Fifth day of Hong Kong rises, as Britain votes and traders anticipate Stock Connect test run
Businesses with UK exposure gain, with Standard Chartered shares nearing their highest level this year
Hong Kong’s stock market extended its gain to five days in a row on Thursday, as confidence remained high that Britain would vote to remain a member of the European Union and speculation grew over the launch of Shenzhen-Hong Kong Stock Connect scheme.
The Hang Seng Index edged ahead another 0.35 per cent, or 73.22 points to 20,868.34, while Hang Seng China Enterprises index, which tracks Hong Kong-listed Chinese companies, rose 0.25 per cent or 21.96 points to 8785.07.
Companies with business exposure to the UK saw their prices continue to rise, recovering from the losses in early June inflicted due to earlier worries over a British exit from the trading block.
CK Hutchison Holdings shares inched up 0.99 per cent to HK$91.65, with Power Assets Holdings shares rising 0.48 to HK$73.5 and Cheung Kong Infrastructure Holdings up 0.61 per cent to HK$73.95.
Standard Chartered PLC shares closed 1.27 per cent higher at HK$63.80, almost hitting their highest level so far this year.
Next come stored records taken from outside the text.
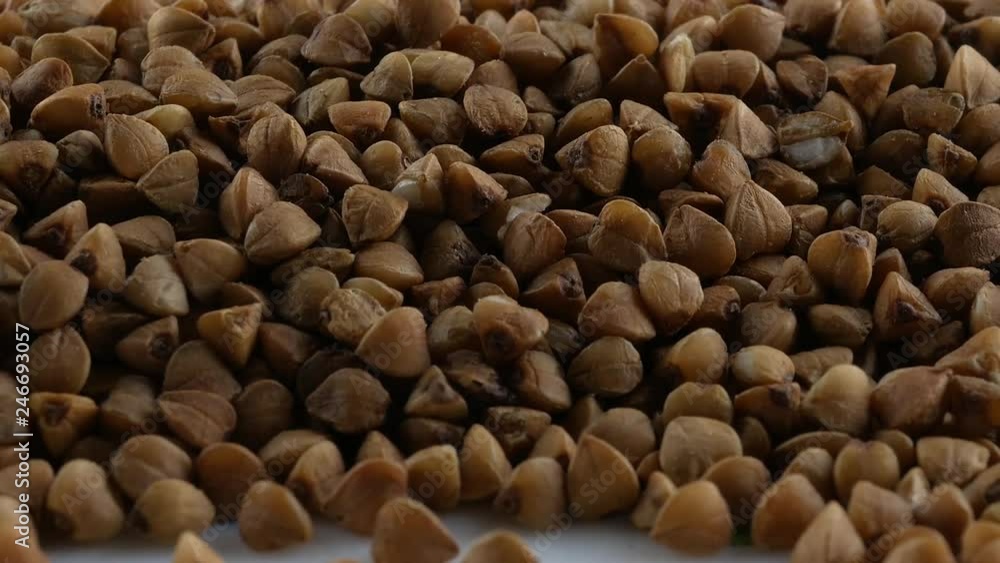 buckwheat. fresh buckwheat. dry buckwheat background. buckwheat texture buckwheat. fresh buckwheat. dry buckwheat background. buckwheat texture
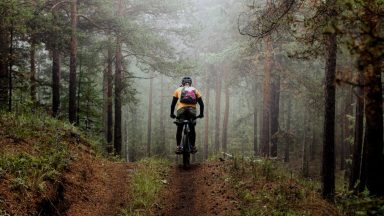 Trees at beauty spot illegally cut down for ‘bike track’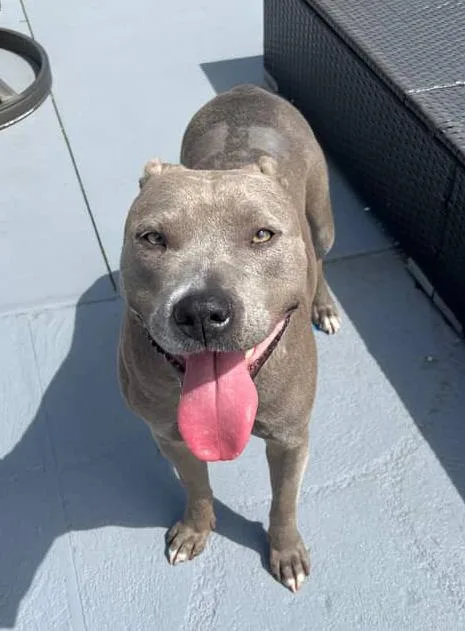 Winter  Joy thumbnail 5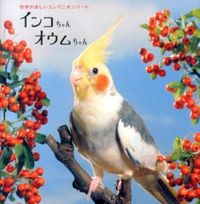 画像をギャラリービューアに読み込む, ＃インコちゃんオウムちゃん :9784756244789
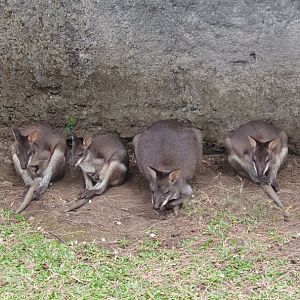 Dusky Pademelon (Thylogale brunii)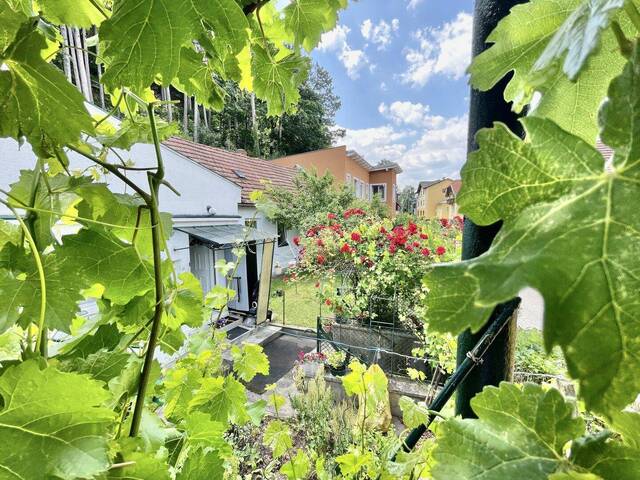 Immobilie in Berndorf - CHARMANTES EINFAMILIENHAUS IN RUHELAGE - Bild 1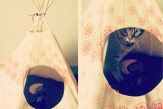 cat tipi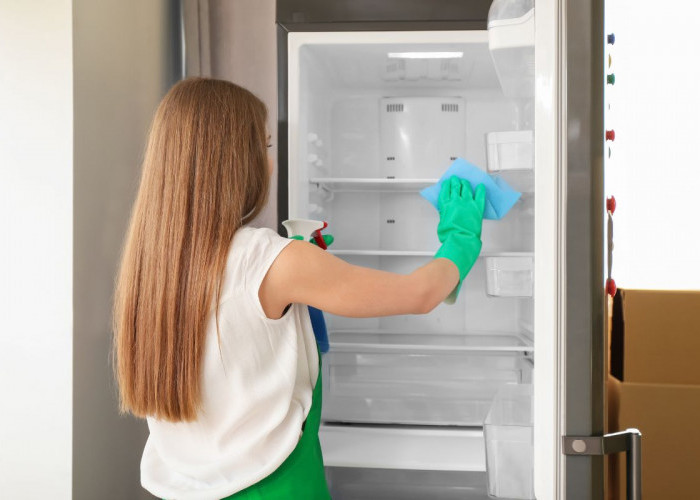 Bunda, Begini Lho Cara Mudah Bersihkan Freezer Kulkas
HSBC Holdings, also, gained for the fifth day, ending 0.99 per cent higher at HK$50.8.
The long-awaited referendum started on Thursday to decide whether Britain stays in the EU.
The result is expected early on Friday afternoon, Hong Kong-time.
Kingston Lin King-ham, securities brokerage director at AMTD, said he thought the Hong Kong market had been too positive towards the closely fought referendum.
“Even if the vote goes to remain, conflict between Britain and the EU still will exist and we might see more negative events occur in the future.
“That is not good for the European economy and the business of international banks,” Lin said.
The positive impact of a so-called “Bremain” has been almost fully reflected in past days, he added.
Renewed optimism over the launch of Shenzhen Hong Kong Stock Connect also helped to fuel the rise in Hong Kong shares.
Hong Kong Exchanges and Clearing said on Wednesday it would launch a systems test runs for the trading link from next Monday.
Dual-listed shares in Shenzhen and Hong Kong were among top gainers.
Car parts manufacturer Zhejiang Shibao gained 2.17 per cent to close at HK$8.93, after its 7.9 per cent rally on Wednesday.
“Speculation on the second link grows, even if it is an old story,” said Castor Pang Wai-sun, Core Pacific Yamaichi head of research.
Coal, agricultural products, and household goods and electronics sectors led the gains, while metals, telecommunication and brokerage house sectors fell.
China Shenhua Energy Company outperformed its blue-chip peers with shares rising 1.93 per cent to HK$13.62, after Deutsche Bank raised its target prices for three coal stocks on expectation that China’s coal price will increase at quicker than expected.
Sport products providers, including Li Ning Company and 361 Degrees International, edged up after
the State Council on Wednesday issued a five-year plan to promote sports nationwide.
That planned government stimulus is expected to result in 1.5 trillion yuan (HK$1.77 trillion) worth of annual consumption in sports products, and convince 700 million people to exercise once a week.
Mainland markets, however, continued quiet.
The Shanghai Composite Index dipped 0.47 per cent or 13.59 points to 2,891.96. The CSI 300, which tracks the large caps listed in Shanghai and Shenzhen, fell 0.53 per cent or 16.64 points to 3,117.32.
The Shenzhen Composite Index dipped 0.32 per cent or 6.17 points to 1,915.21 while the Nasdaq style ChiNext fell 0.34 per cent or 7.33 points to 2,137.49.
Airlines, telecommunication and coal stocks dipped, while agriculture, transportation, liquor and steel sectors dropped.